## Instructions for the task
In the data, extract each line that holds the string "will".

## Source data
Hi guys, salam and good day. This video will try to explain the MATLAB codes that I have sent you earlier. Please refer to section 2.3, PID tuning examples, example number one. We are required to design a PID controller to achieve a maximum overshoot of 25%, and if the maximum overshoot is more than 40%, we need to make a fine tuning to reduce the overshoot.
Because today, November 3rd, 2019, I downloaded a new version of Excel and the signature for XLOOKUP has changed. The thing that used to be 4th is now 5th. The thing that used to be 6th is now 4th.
---
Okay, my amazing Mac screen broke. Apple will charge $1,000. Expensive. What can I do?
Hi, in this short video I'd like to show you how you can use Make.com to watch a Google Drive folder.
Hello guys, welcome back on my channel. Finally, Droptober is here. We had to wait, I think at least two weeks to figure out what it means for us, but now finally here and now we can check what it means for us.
---
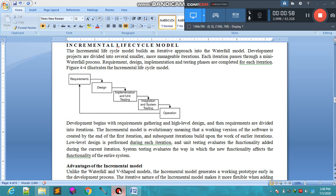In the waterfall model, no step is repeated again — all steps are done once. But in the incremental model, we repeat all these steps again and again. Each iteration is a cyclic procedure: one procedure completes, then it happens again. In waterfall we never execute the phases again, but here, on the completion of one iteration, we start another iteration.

## Output below
Hi guys, salam and good day. This video will try to explain the MATLAB codes that I have sent you earlier. Please refer to section 2.3, PID tuning examples, example number one. We are required to design a PID controller to achieve a maximum overshoot of 25%, and if the maximum overshoot is more than 40%, we need to make a fine tuning to reduce the overshoot.
Okay, my amazing Mac screen broke. Apple will charge $1,000. Expensive. What can I do?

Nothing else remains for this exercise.